▶ WHAT THE TASK ASKS:
Would you please return the lines of the entries below starting at the line that has "Mercedes C 220" and ending at the line that has "Tucroma Chair in", both included, exactly as they are?

▶ RECORDS SUPPLIED:

Content starts

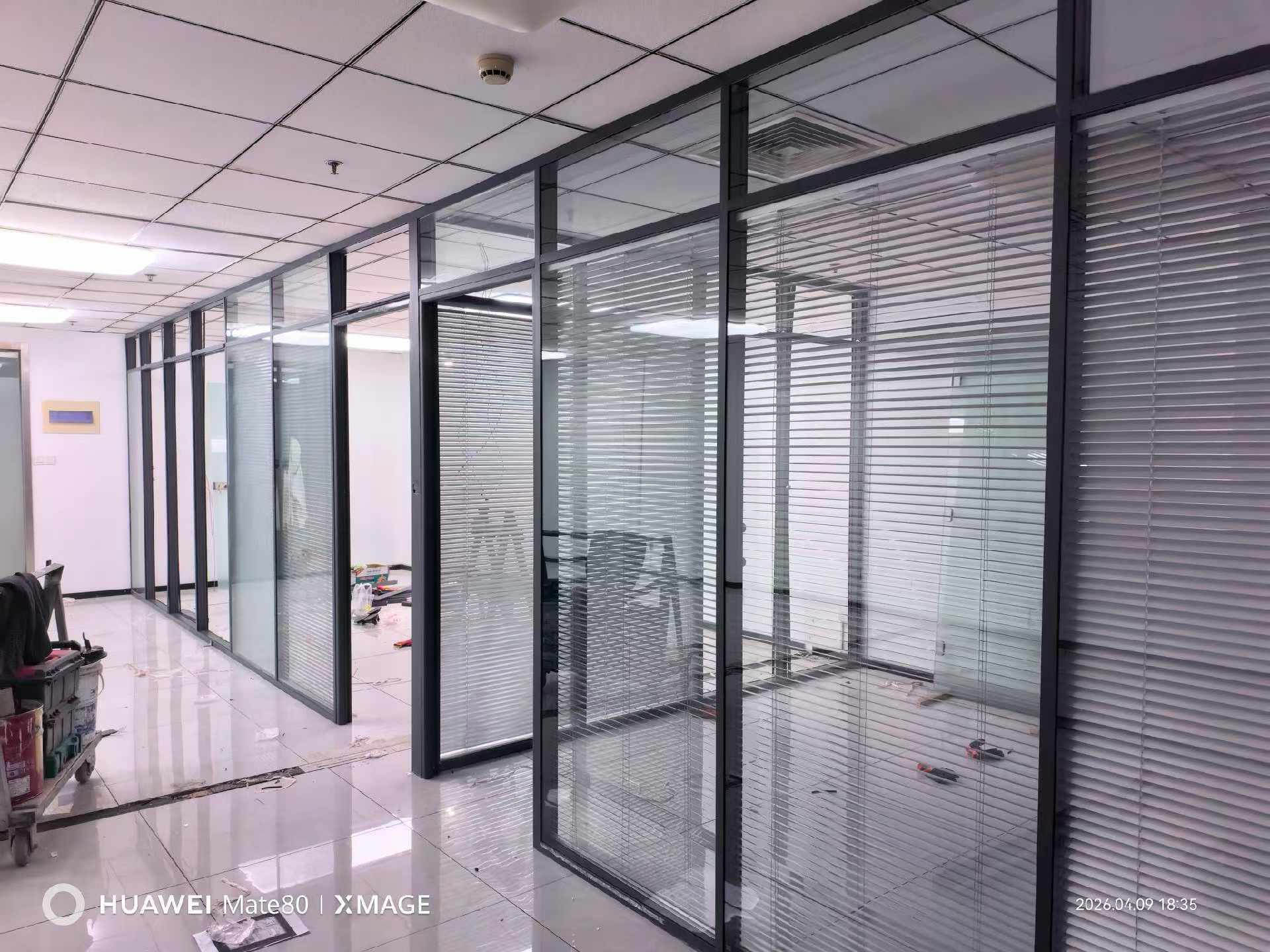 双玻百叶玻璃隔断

Content ends
Content starts

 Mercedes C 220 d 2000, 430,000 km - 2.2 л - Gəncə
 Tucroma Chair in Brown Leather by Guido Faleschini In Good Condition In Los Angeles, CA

Content ends

▶ SOLUTION FOR THIS TASK:
 Mercedes C 220 d 2000, 430,000 km - 2.2 л - Gəncə
 Tucroma Chair in Brown Leather by Guido Faleschini In Good Condition In Los Angeles, CA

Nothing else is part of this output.